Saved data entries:

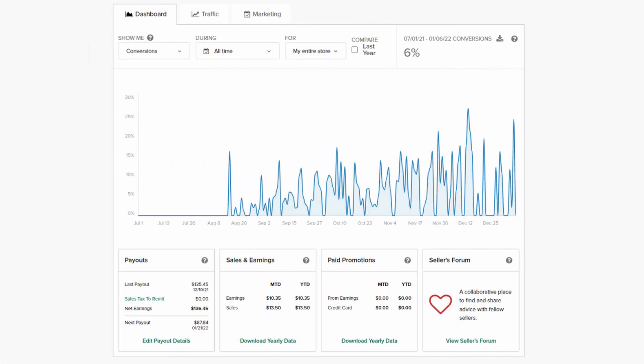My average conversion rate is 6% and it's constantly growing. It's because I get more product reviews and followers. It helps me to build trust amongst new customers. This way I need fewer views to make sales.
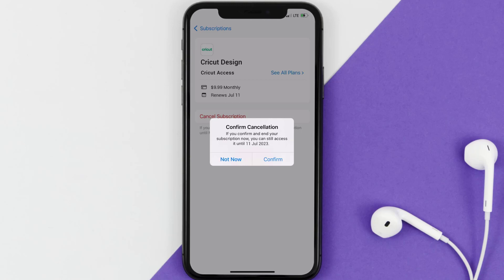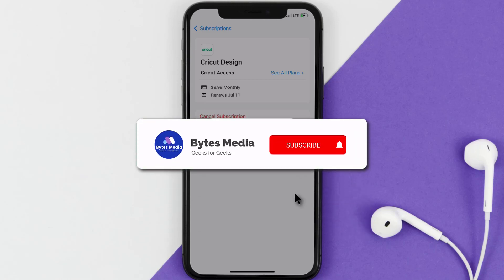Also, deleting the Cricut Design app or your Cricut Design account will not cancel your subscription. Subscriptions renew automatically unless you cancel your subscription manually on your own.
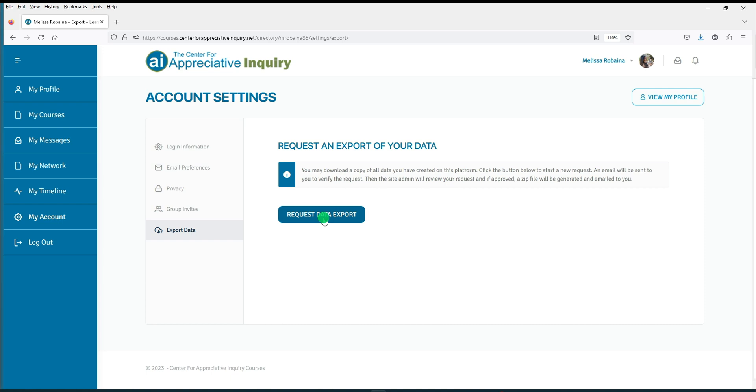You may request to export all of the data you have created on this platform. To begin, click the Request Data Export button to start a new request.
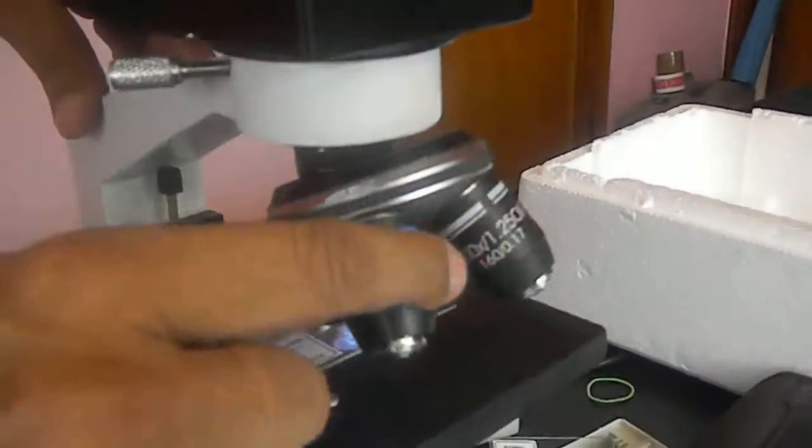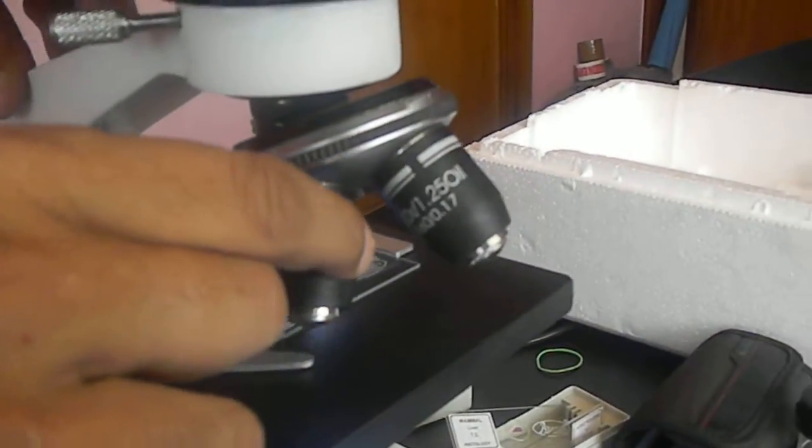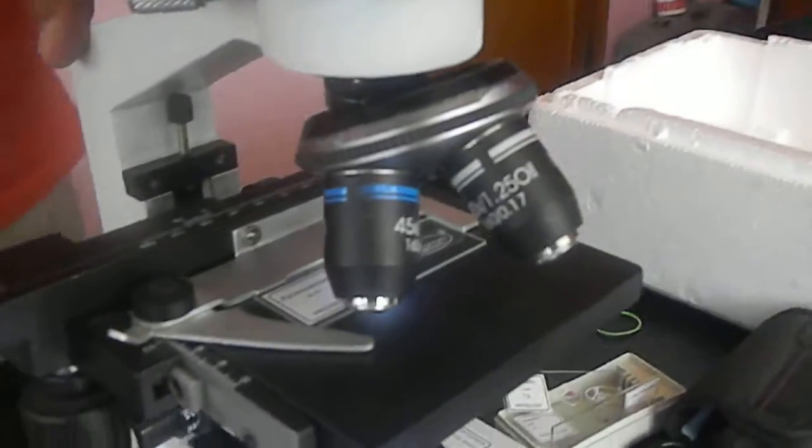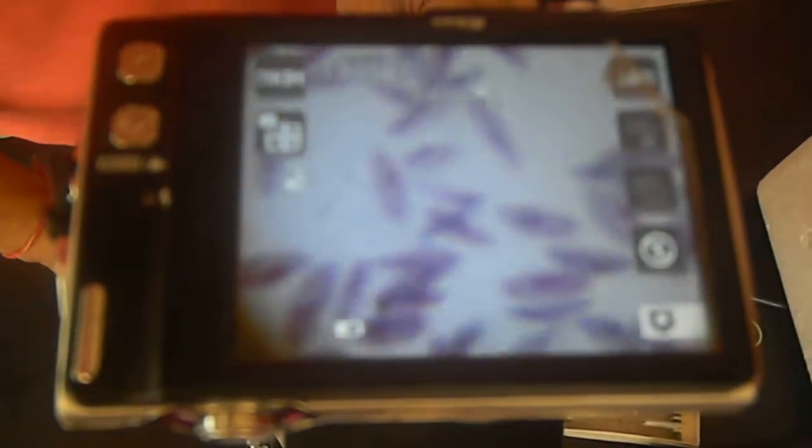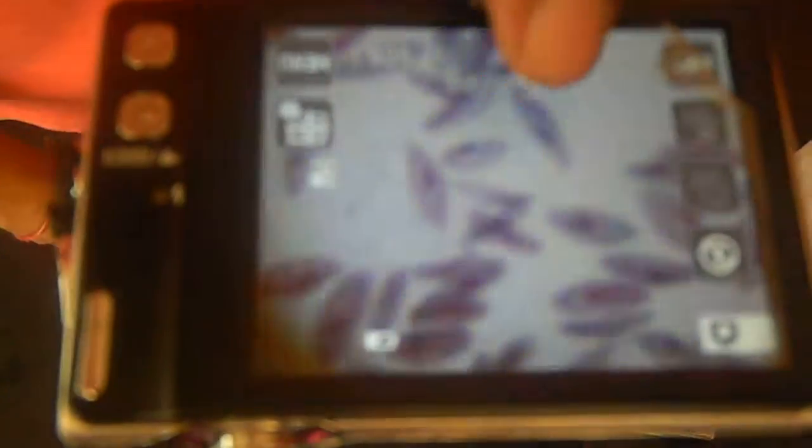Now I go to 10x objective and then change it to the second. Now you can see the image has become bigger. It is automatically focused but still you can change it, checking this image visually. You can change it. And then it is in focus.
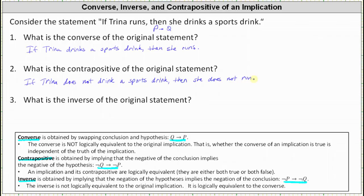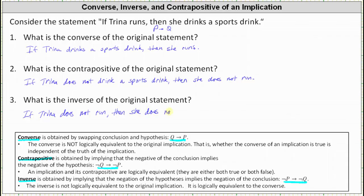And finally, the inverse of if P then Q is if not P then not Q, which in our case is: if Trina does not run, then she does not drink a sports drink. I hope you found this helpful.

_WORK INSTRUCTION_
No picture belongs in the answer, but every word of the records above does, exactly as given.

_ANSWER AREA_
My average conversion rate is 6% and it's constantly growing. It's because I get more product reviews and followers. It helps me to build trust amongst new customers. This way I need fewer views to make sales.
Also, deleting the Cricut Design app or your Cricut Design account will not cancel your subscription. Subscriptions renew automatically unless you cancel your subscription manually on your own.
You may request to export all of the data you have created on this platform. To begin, click the Request Data Export button to start a new request.
Now I go to 10x objective and then change it to the second. Now you can see the image has become bigger. It is automatically focused but still you can change it, checking this image visually. You can change it. And then it is in focus.
And finally, the inverse of if P then Q is if not P then not Q, which in our case is: if Trina does not run, then she does not drink a sports drink. I hope you found this helpful.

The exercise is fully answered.